Memory is easy. CPU humbled me.
With memory, the rule is brutal but clear — cross the limit, the pod gets OOMKilled. Done.
CPU? CPU is sneaky. And I ignored it for the longest time… until it broke production.
Here's what happened 👇
We had an app running peacefully in-house. Then it went client-facing. Traffic surged, and suddenly ~15% of requests started timing out — most of them on DB calls.
I opened Grafana expecting a smoking gun. Nothing. CPU usage looked "fine." No throttling alerts screaming at me. Just confused timeouts.
The trap? Throttling happens in milliseconds. Prometheus scrapes every 15 seconds. Every bit of evidence was hiding between the scrapes.
Here was the setup:
resources:
requests:
cpu: 200m
memory: 512Mi
limits:
cpu: 800m
memory: 1.5Gi
Numbers from the incident (rough, but directionally honest):
- Normal: 300 req/min → avg CPU ~180m
- Surge: 1200 req/min → avg CPU ~650m, ~15% timeouts
So I sat down and actually did the math instead of guessing.
How CPU actually works
CPU is compressible. Memory isn't. When CPU runs out, your process doesn't die — it gets throttled. The Linux CFS scheduler slices time into periods (default: 100ms). Within each period, your container gets a quota based on its limit. Cross the quota mid-period? You wait for the next one. That wait is the latency you're seeing.
Walking through the numbers
Normal load:
300 req/min = 5 req/sec = 0.5 requests per 100ms
Avg CPU 180m = 18ms of CPU work per 100ms period
→ 18ms ÷ 0.5 req = ~36ms of CPU work per request
Surge load:
1200 req/min = 20 req/sec = 2 requests per 100ms
2 × 36ms = 72ms of CPU work needed per 100ms
But the limit was 800m → 80ms quota per 100ms. Looks fine on paper, right?
Here's the catch: avg CPU was 650m (65ms). The average hides the bursts. Some periods sat well below quota; others blew past the 80ms ceiling and got throttled. Average everything out across 15s scrapes and the dashboard whispers "all good" while users get timeouts.

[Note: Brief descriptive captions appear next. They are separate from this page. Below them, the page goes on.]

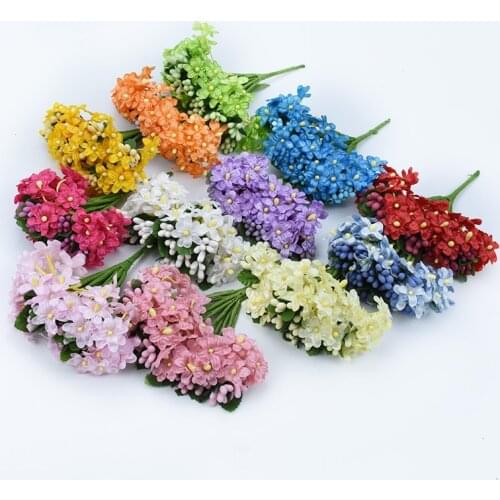 Plum blossom Mulberry Artificial Flower Stamen Sugar Leaves DIY Wreath Needlework Box Decoration Fake flower Wedding Home Decor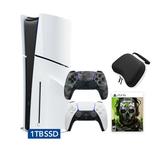 PlayStation 5 Disc Edition Call of Duty Modern Warfare II Bundle with Two Controllers White and Gray Camouflage DualSense and Mytrix Hard Shell Protective Controller Case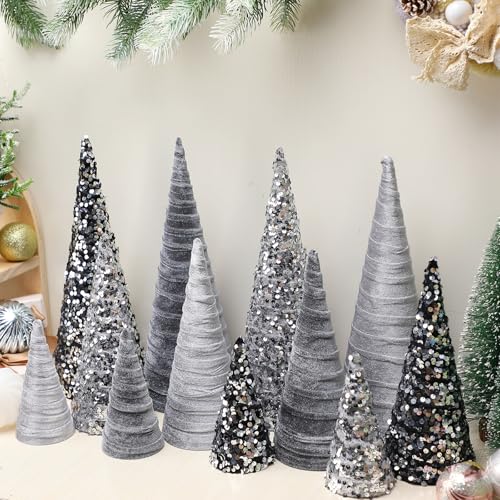 Ireer 12 Pcs Silver Gray Christmas Cone Trees Velvet Tree Decor - Sequin Variant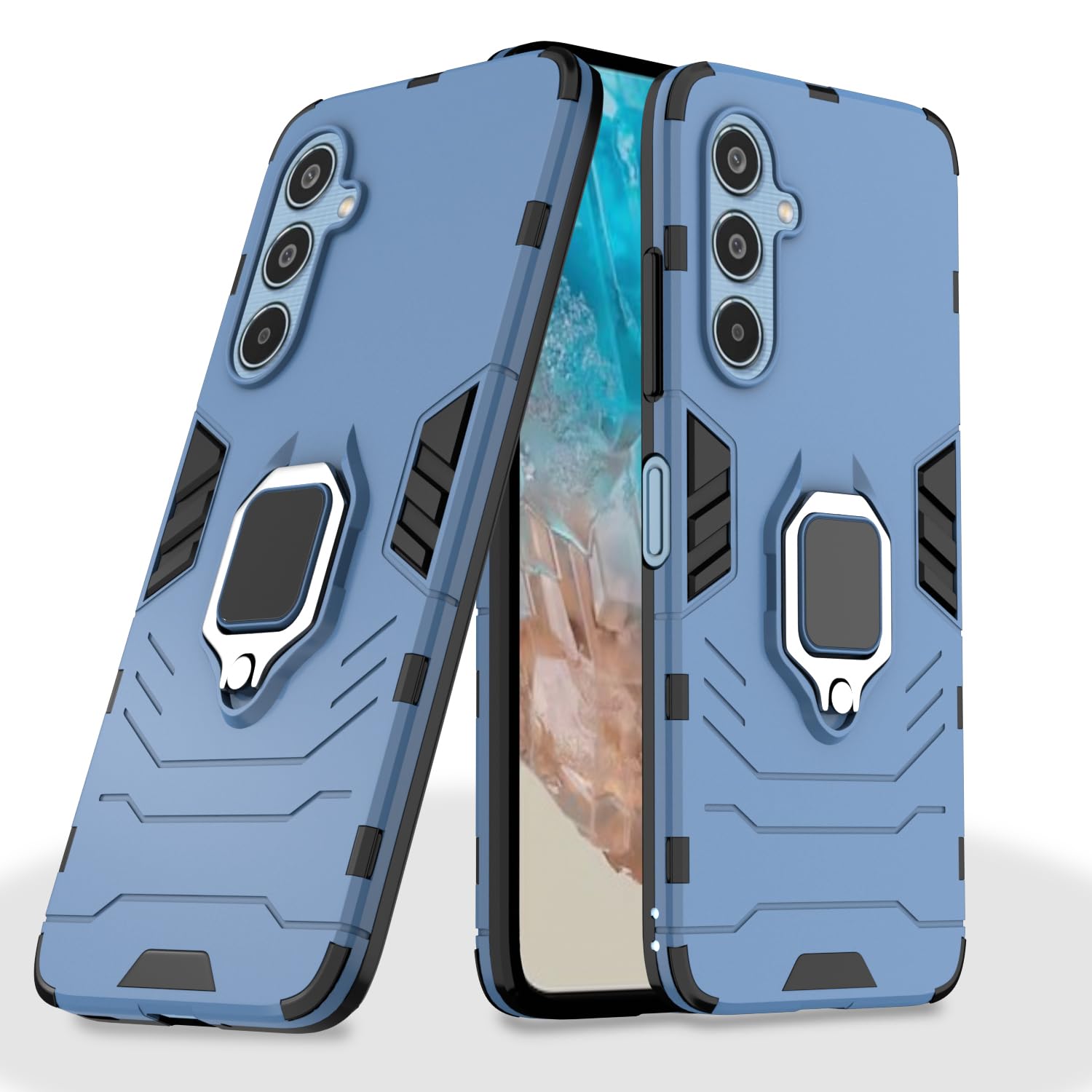 Samsung M35 5G mobile cover in blue by Pikkme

That's the lesson. Average CPU is a liar in bursty workloads. Throttling lives in the gaps your monitoring can't see.
What to actually look at
Stop staring at container_cpu_usage_seconds_total. Look at:
container_cpu_cfs_throttled_periods_totalcontainer_cpu_cfs_throttled_seconds_total
The ratio of throttled periods to total periods tells you the truth.
Remediations (in order of maturity, not just "increase the limit")
- Right-size first. Requests and limits should reflect real workload behavior, not guesses copy-pasted from a template.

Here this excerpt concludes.